[DATA SEGMENT Boundary: Start]

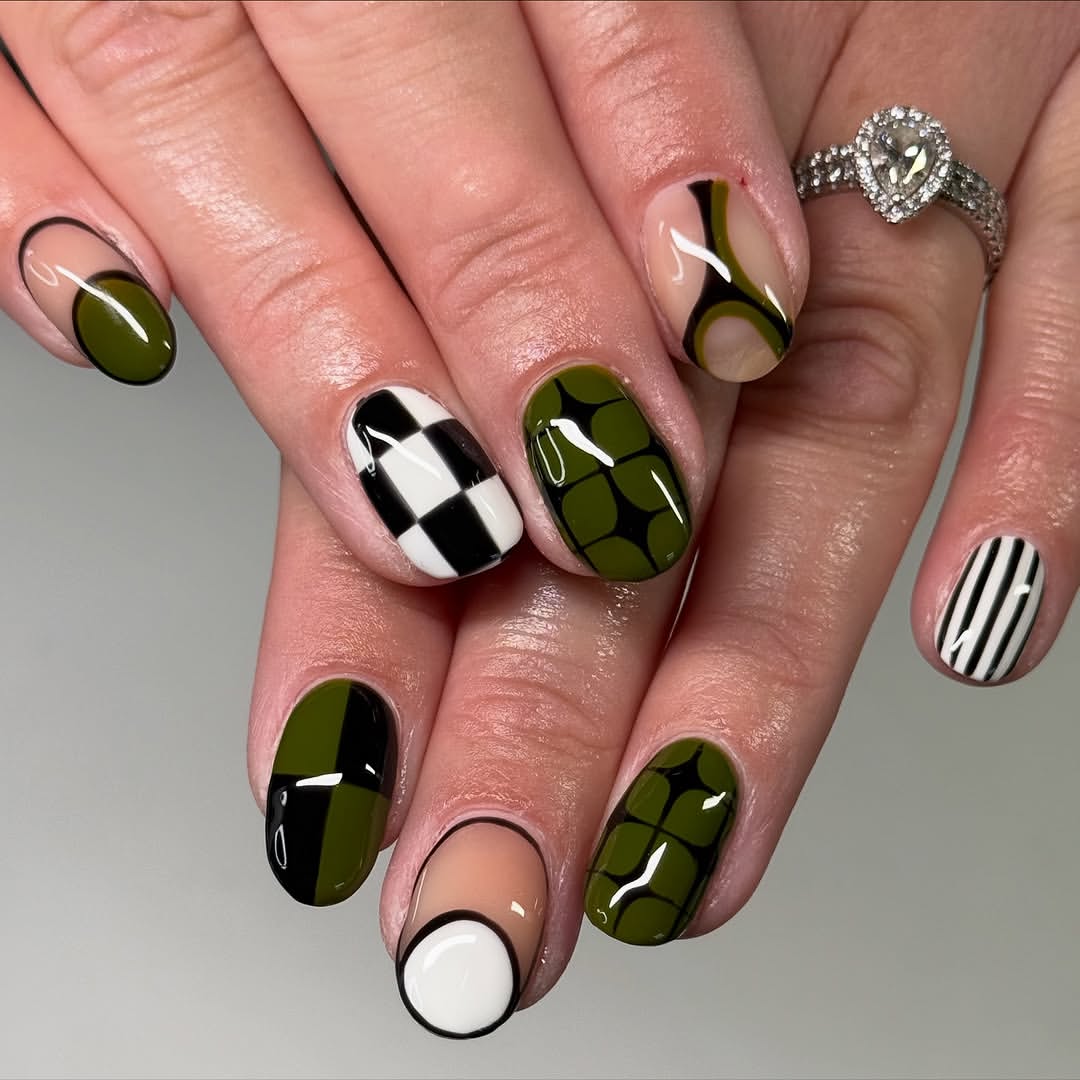 Geometric Abstract Olive Green and Black Nails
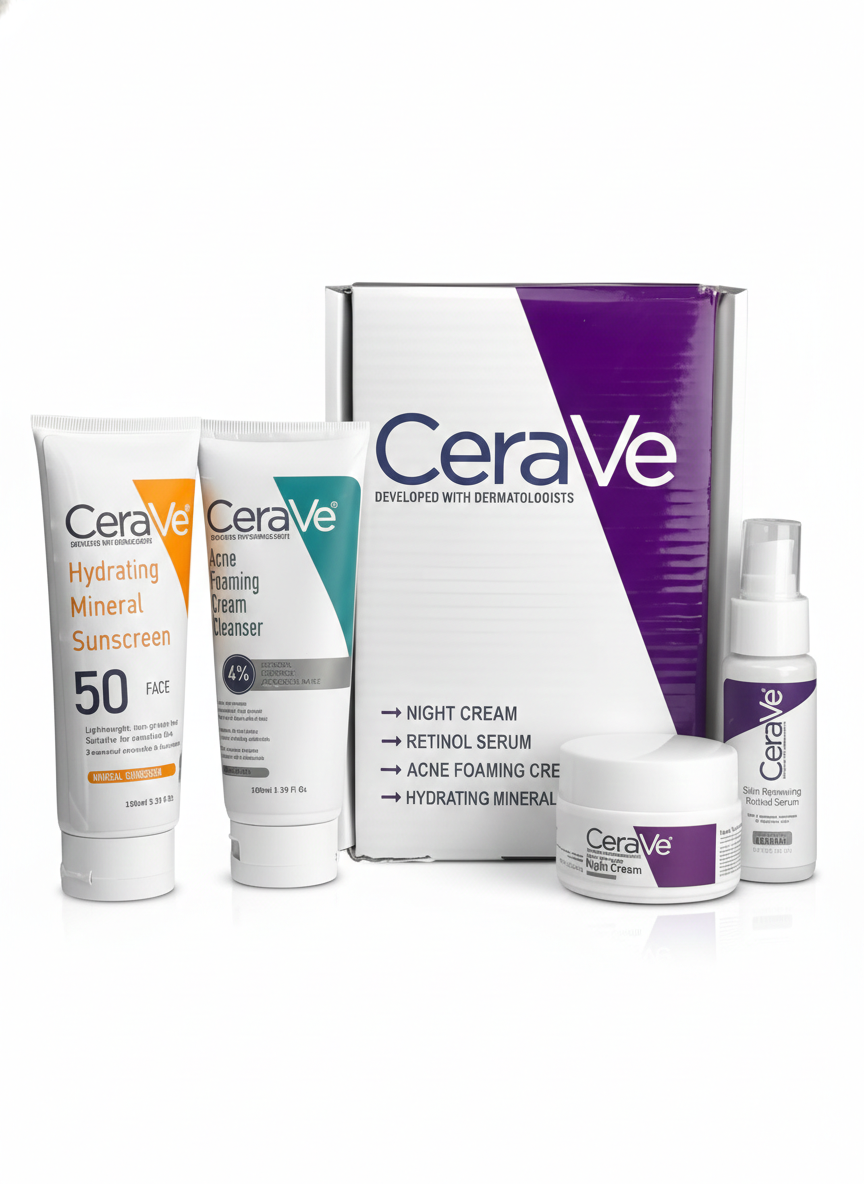 CeraVe Complete Acne & Hydration Skincare Kit | Cleanser, Retinol Serum, Night Cream & SPF 50 Sunscreen Set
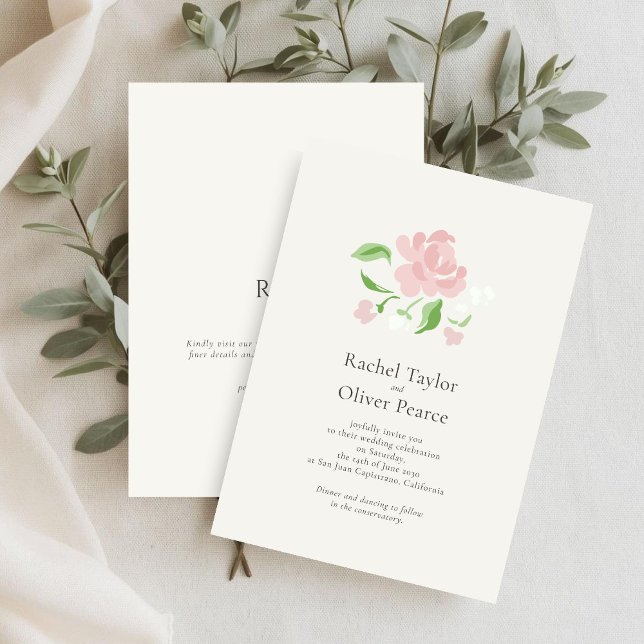 Convites Marfim | Floral Chic de Casamento em Aquarela (Criador carregado)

[DATA SEGMENT Boundary: End]

-- WHAT TO WORK ON --
Working from the material above, transcribe it exactly while omitting pictures.

-- SOLVED EXERCISE --
 Geometric Abstract Olive Green and Black Nails
 CeraVe Complete Acne & Hydration Skincare Kit | Cleanser, Retinol Serum, Night Cream & SPF 50 Sunscreen Set
 Convites Marfim | Floral Chic de Casamento em Aquarela (Criador carregado)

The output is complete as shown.